The first thing you will need to do in this question is convert the grams of Fe we have (225.5g) into the moles. This is because we can use the moles to find the moles of CO to find the grams.

To find the moles, you will need to do: moles = mass/molar mass
So its 225.5g / (molar mass of Fe) = moles of Fe

Once you have the moles, you can then look at the stoichiometry to find the moles of CO. Its a 3:2 ratio and 1 mole of every substance would be the same. So your answer will be TWO lots of Fe, and you need THREE lots of CO. So you will need to divide your answer by 2 to get ONE lot of moles and then times it by THREE to get the actual moles of CO.
Moles of Fe / 2 x 3 = moles of CO

You will then need to convert the moles of CO into grams (aka. mass) by doing: moles x molar mass of CO = mass (g)
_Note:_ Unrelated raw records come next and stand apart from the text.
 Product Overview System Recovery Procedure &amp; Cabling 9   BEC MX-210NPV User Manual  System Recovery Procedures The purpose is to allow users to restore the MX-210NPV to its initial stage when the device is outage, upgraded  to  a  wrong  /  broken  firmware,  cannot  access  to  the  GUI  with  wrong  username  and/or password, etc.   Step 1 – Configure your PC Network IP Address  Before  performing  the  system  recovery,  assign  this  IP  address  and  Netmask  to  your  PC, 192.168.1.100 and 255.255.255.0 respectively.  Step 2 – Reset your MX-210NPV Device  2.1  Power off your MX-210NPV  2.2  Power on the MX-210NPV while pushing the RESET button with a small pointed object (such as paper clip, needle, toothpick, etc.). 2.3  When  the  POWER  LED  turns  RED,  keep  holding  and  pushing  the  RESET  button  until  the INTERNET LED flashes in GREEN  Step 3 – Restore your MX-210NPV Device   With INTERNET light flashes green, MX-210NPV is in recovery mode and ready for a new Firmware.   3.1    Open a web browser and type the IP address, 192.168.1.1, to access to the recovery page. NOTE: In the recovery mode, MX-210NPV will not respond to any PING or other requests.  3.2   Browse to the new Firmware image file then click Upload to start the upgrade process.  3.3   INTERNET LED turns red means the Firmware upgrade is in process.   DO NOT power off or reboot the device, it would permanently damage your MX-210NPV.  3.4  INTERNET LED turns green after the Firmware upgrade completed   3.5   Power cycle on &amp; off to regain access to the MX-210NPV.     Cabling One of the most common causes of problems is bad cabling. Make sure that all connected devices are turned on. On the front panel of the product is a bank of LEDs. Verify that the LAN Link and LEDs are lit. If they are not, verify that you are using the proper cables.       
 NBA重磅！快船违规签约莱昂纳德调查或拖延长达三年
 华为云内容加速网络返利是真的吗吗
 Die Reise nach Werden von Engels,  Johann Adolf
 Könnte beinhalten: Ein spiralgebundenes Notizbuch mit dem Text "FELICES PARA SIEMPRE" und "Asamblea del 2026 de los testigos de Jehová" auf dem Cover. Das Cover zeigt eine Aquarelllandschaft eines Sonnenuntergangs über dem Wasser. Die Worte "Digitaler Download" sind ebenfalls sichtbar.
Do this and you will end up with your answer for number 1. I need to go now I could help you with the second one later if no one else does before me :) Good luck

Answer 2

Thank you so much ;D

Answer 3

2. I guess there is excess of water in the reaction.

First, calculate amount of substance of Na, also n(Na)
Then you see, amount of substance of H2 is one half of n(Na).
Multiply n(H2) with Avogadro number.